YOUR GOAL: Restate the data below word for word, omitting pictures.
── INPUT FOR THIS TASK ──
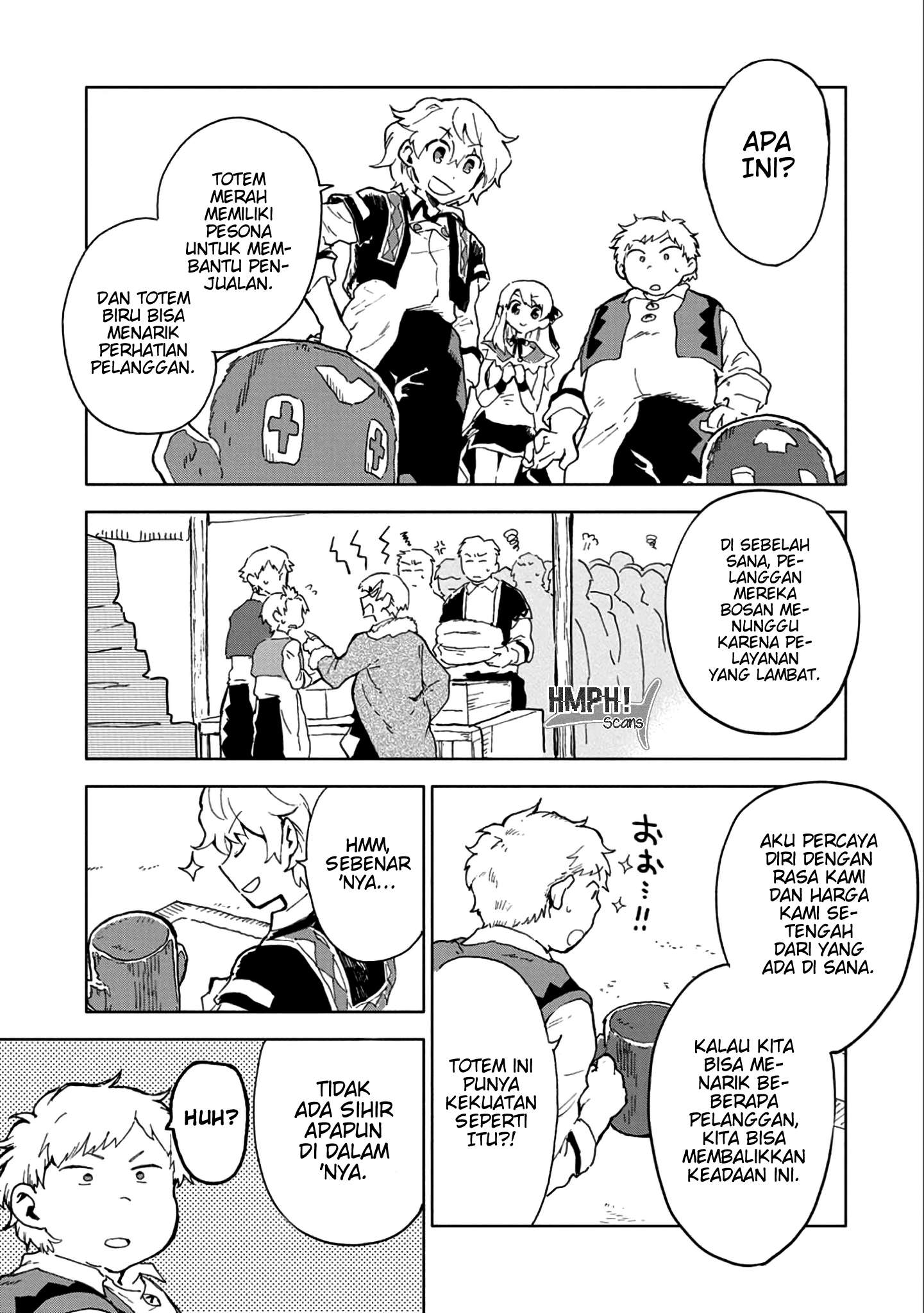 Saikyou Juzoku Tensei: Majutsu Otaku no Utopia Chapter 5 - halaman 14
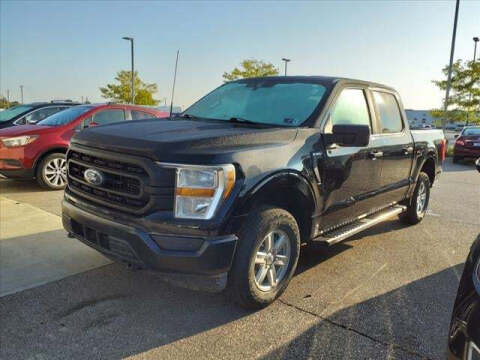 2021 Ford F-150 for sale at Goldy Chrysler Dodge Jeep Ram Mitsubishi in Huntington WV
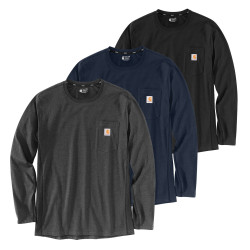 t-shirt carhartt workwear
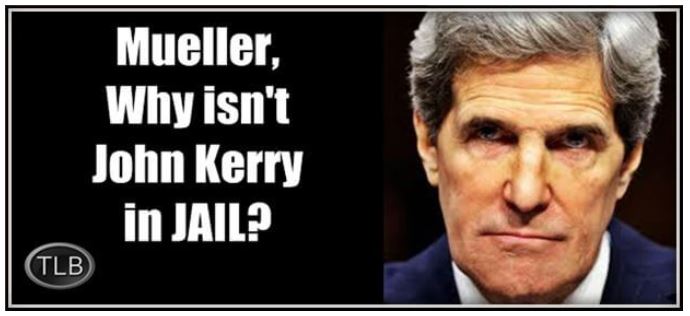 JOhn Kerry in jail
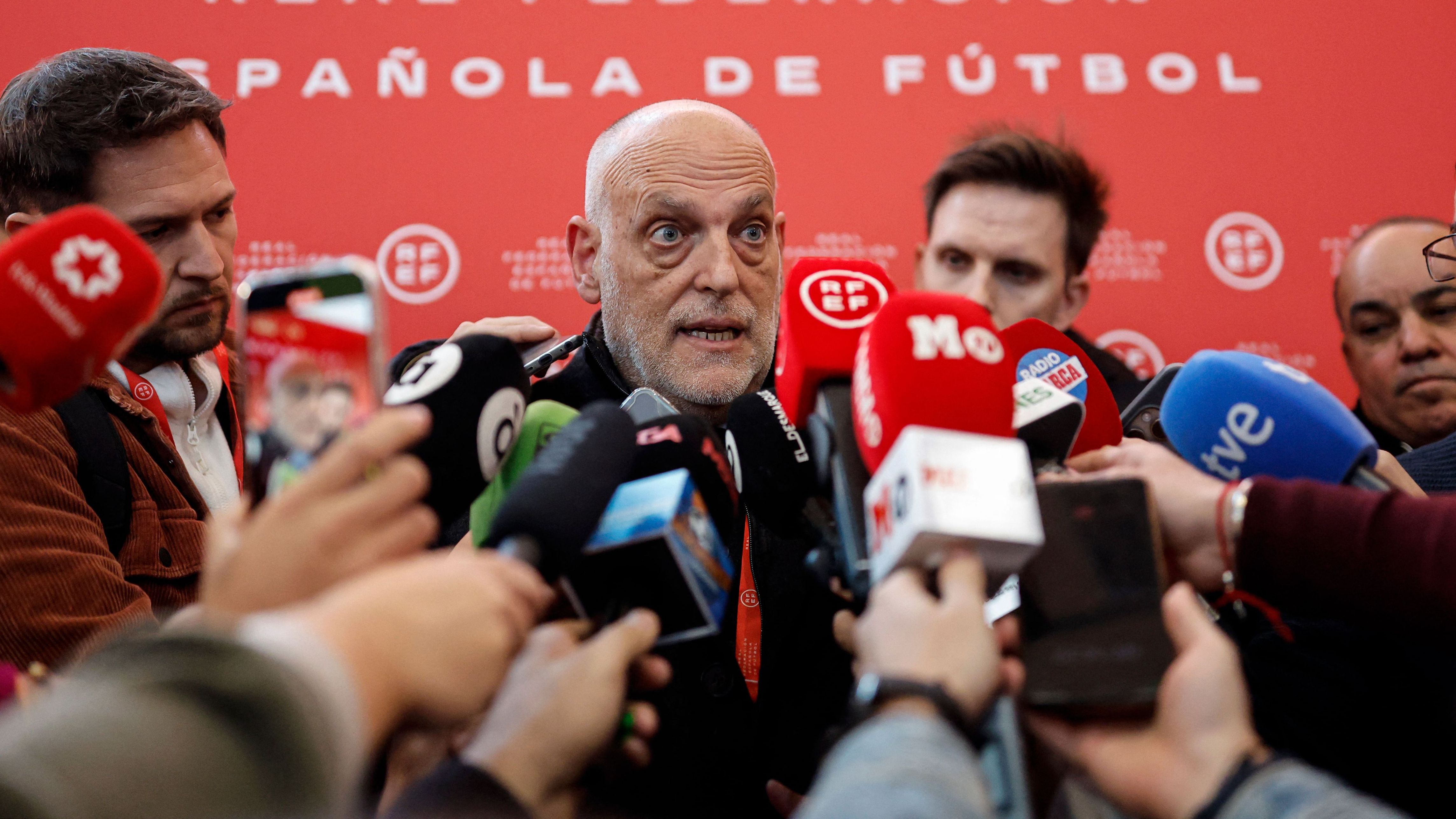 La Liga president slams 'narrow-minded' decision to cancel Miami match and hits out at Real Madrid for efforts to derail Villarreal vs Barcelona clash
───
ANSWER AREA:
 Saikyou Juzoku Tensei: Majutsu Otaku no Utopia Chapter 5 - halaman 14
 2021 Ford F-150 for sale at Goldy Chrysler Dodge Jeep Ram Mitsubishi in Huntington WV
 t-shirt carhartt workwear
 JOhn Kerry in jail
 La Liga president slams 'narrow-minded' decision to cancel Miami match and hits out at Real Madrid for efforts to derail Villarreal vs Barcelona clash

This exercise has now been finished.